═══ ENTRIES SUPPLIED ═══

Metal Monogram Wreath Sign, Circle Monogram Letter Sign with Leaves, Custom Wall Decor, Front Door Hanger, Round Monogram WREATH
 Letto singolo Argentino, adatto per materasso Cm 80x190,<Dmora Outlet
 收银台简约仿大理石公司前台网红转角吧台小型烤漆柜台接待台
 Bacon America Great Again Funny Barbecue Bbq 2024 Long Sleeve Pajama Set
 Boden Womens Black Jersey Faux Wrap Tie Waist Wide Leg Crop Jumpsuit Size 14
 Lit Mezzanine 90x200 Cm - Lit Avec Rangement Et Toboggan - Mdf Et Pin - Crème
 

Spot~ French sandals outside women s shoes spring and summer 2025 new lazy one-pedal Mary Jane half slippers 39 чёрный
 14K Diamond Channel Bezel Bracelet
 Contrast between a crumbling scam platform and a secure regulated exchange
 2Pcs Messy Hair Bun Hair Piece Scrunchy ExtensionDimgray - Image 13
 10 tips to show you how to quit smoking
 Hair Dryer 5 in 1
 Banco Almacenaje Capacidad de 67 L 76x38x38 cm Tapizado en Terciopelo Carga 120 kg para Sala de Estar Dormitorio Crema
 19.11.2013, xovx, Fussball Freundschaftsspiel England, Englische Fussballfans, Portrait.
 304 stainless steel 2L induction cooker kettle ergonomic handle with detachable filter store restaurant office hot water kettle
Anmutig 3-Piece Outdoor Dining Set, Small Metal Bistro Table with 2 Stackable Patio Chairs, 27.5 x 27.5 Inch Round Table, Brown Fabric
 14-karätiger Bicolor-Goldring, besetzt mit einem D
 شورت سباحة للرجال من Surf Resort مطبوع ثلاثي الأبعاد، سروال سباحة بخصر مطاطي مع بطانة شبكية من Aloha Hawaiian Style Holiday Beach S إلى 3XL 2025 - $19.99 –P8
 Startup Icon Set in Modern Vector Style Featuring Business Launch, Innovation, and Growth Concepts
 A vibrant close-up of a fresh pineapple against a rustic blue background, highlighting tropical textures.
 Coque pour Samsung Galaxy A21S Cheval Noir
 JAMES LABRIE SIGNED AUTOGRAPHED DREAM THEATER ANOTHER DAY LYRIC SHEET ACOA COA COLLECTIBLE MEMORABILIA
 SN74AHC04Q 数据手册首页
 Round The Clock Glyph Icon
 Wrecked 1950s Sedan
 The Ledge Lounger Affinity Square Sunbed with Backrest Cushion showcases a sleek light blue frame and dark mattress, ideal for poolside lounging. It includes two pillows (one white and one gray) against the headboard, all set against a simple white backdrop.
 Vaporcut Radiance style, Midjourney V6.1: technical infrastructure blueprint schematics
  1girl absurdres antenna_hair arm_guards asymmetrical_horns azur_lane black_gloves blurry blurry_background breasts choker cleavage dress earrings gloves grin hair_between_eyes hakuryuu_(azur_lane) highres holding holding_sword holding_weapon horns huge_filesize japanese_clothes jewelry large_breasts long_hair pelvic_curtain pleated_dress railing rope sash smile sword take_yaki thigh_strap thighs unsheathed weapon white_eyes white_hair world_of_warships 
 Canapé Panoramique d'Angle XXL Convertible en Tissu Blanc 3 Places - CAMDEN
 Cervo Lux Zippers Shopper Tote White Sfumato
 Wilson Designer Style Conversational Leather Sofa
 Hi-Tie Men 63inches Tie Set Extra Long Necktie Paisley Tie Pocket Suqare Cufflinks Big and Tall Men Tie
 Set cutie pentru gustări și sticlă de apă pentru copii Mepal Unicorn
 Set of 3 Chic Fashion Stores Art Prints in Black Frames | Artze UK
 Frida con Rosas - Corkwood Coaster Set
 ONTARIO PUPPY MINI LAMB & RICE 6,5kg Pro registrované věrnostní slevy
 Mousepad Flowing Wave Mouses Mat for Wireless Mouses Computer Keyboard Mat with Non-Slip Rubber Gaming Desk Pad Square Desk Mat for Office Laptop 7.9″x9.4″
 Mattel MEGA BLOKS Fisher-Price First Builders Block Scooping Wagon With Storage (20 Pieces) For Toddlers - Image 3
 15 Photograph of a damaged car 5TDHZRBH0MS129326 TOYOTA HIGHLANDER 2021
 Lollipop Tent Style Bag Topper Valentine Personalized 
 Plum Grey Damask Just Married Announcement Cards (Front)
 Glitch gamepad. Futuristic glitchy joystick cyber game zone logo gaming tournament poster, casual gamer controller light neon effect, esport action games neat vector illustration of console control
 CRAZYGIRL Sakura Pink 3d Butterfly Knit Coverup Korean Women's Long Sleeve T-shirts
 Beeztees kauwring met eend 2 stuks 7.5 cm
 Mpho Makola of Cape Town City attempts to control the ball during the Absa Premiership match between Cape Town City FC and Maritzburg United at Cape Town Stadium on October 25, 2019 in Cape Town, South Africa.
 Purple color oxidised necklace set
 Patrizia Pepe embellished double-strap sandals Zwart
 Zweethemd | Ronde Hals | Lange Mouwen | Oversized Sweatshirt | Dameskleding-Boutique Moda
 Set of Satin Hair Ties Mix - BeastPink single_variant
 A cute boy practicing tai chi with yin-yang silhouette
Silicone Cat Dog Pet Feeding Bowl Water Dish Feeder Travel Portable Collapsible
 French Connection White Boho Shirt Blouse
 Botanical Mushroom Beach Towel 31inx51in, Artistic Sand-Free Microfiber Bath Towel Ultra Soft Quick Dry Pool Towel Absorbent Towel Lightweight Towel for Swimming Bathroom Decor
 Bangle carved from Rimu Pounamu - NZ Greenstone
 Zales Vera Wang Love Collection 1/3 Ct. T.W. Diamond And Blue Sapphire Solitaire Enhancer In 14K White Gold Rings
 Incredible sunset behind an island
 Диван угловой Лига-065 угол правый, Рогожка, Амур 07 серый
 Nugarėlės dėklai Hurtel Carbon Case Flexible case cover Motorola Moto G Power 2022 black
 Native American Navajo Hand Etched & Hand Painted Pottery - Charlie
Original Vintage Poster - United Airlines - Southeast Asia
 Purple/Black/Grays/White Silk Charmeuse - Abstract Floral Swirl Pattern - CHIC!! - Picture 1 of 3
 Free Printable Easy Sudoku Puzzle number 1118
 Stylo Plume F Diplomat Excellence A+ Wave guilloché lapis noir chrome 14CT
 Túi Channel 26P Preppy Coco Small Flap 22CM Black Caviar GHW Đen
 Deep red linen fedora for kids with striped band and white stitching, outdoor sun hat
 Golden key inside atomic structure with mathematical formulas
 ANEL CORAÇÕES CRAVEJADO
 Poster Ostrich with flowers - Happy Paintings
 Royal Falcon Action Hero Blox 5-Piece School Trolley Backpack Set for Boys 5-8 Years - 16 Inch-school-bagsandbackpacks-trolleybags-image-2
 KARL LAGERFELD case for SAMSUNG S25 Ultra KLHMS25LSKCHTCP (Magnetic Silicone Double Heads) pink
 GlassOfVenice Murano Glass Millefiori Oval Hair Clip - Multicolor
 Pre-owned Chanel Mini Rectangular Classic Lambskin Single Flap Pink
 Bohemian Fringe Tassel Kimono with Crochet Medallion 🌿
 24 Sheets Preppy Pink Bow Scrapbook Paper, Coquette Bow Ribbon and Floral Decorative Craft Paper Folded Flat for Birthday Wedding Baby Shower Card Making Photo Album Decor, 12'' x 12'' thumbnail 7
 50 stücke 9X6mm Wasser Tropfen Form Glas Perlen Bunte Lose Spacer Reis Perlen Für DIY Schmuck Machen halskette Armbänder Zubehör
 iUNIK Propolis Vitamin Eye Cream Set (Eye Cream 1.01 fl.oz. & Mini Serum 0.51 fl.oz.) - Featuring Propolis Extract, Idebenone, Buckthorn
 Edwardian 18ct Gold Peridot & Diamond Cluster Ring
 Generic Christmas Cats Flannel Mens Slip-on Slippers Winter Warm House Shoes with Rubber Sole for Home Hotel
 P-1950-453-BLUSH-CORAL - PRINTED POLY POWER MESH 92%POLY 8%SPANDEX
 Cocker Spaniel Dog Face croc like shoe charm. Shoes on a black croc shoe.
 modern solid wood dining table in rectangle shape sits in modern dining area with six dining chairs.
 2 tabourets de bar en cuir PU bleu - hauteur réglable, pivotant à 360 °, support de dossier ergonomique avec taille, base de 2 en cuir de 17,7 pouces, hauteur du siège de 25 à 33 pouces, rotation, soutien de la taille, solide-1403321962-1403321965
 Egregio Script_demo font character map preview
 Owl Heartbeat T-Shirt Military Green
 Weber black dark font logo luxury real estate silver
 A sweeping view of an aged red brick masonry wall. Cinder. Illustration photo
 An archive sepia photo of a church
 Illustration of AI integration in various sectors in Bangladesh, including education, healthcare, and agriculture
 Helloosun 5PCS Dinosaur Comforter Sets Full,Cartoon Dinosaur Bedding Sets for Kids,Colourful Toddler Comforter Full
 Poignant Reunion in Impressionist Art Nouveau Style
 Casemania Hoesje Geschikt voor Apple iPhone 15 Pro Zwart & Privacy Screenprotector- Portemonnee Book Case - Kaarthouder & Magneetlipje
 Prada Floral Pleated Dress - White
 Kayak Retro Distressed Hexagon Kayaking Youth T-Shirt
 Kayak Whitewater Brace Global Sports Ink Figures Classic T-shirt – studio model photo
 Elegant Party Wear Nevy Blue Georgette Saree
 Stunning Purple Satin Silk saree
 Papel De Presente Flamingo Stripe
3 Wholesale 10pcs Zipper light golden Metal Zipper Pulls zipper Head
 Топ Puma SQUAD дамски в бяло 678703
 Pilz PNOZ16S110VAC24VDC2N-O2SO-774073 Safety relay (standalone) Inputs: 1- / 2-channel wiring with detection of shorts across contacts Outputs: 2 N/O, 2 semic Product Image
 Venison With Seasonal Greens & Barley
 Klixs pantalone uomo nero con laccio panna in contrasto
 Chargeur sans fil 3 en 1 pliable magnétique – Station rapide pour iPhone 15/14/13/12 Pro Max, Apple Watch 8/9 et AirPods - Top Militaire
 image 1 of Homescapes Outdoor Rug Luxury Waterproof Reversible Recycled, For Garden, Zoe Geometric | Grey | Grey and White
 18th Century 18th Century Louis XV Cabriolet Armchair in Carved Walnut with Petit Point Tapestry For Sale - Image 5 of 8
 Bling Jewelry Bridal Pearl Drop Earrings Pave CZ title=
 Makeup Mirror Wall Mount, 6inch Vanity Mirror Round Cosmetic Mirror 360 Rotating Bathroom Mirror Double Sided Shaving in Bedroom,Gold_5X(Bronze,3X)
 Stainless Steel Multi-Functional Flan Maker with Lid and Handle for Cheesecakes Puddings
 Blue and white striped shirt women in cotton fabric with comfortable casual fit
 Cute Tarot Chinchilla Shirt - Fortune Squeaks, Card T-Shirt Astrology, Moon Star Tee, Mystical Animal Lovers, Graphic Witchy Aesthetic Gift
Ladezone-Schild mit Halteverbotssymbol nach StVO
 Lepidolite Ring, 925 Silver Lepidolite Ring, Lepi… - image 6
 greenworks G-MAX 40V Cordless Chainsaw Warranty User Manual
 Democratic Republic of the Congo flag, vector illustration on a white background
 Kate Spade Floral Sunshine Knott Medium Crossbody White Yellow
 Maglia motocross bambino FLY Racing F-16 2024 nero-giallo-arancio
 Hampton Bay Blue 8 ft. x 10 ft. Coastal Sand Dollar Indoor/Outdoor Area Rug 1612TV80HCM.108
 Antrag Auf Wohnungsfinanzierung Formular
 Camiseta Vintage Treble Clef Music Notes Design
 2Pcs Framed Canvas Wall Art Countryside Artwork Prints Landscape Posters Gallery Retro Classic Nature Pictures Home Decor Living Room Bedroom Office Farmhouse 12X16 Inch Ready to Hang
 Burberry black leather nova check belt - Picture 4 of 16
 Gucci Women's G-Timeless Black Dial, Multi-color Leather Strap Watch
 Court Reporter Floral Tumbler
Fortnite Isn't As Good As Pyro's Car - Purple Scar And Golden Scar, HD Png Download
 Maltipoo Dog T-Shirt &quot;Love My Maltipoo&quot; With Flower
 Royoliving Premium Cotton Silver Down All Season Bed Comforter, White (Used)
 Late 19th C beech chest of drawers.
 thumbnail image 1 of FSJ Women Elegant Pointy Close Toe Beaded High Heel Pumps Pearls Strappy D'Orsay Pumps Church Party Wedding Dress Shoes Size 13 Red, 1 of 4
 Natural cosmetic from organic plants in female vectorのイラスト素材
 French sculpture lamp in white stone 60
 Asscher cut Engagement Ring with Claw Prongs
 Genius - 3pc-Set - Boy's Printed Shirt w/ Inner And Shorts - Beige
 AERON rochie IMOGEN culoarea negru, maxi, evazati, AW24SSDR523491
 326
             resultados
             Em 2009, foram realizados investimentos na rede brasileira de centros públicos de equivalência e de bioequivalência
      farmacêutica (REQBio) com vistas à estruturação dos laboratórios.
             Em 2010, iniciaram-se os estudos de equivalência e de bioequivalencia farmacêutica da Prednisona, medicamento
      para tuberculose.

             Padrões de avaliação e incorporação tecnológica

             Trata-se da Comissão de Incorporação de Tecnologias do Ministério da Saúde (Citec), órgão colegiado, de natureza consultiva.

═══

> TASK TO COMPLETE:
Working from the material above, retype exactly the lines from the one with "Letto singolo Argentino, adatto" through the one with "Wrecked 1950s Sedan", both included, and only those lines.

> SOLUTION TO THIS PROBLEM:
 Letto singolo Argentino, adatto per materasso Cm 80x190,<Dmora Outlet
 收银台简约仿大理石公司前台网红转角吧台小型烤漆柜台接待台
 Bacon America Great Again Funny Barbecue Bbq 2024 Long Sleeve Pajama Set
 Boden Womens Black Jersey Faux Wrap Tie Waist Wide Leg Crop Jumpsuit Size 14
 Lit Mezzanine 90x200 Cm - Lit Avec Rangement Et Toboggan - Mdf Et Pin - Crème
 

Spot~ French sandals outside women s shoes spring and summer 2025 new lazy one-pedal Mary Jane half slippers 39 чёрный
 14K Diamond Channel Bezel Bracelet
 Contrast between a crumbling scam platform and a secure regulated exchange
 2Pcs Messy Hair Bun Hair Piece Scrunchy ExtensionDimgray - Image 13
 10 tips to show you how to quit smoking
 Hair Dryer 5 in 1
 Banco Almacenaje Capacidad de 67 L 76x38x38 cm Tapizado en Terciopelo Carga 120 kg para Sala de Estar Dormitorio Crema
 19.11.2013, xovx, Fussball Freundschaftsspiel England, Englische Fussballfans, Portrait.
 304 stainless steel 2L induction cooker kettle ergonomic handle with detachable filter store restaurant office hot water kettle
Anmutig 3-Piece Outdoor Dining Set, Small Metal Bistro Table with 2 Stackable Patio Chairs, 27.5 x 27.5 Inch Round Table, Brown Fabric
 14-karätiger Bicolor-Goldring, besetzt mit einem D
 شورت سباحة للرجال من Surf Resort مطبوع ثلاثي الأبعاد، سروال سباحة بخصر مطاطي مع بطانة شبكية من Aloha Hawaiian Style Holiday Beach S إلى 3XL 2025 - $19.99 –P8
 Startup Icon Set in Modern Vector Style Featuring Business Launch, Innovation, and Growth Concepts
 A vibrant close-up of a fresh pineapple against a rustic blue background, highlighting tropical textures.
 Coque pour Samsung Galaxy A21S Cheval Noir
 JAMES LABRIE SIGNED AUTOGRAPHED DREAM THEATER ANOTHER DAY LYRIC SHEET ACOA COA COLLECTIBLE MEMORABILIA
 SN74AHC04Q 数据手册首页
 Round The Clock Glyph Icon
 Wrecked 1950s Sedan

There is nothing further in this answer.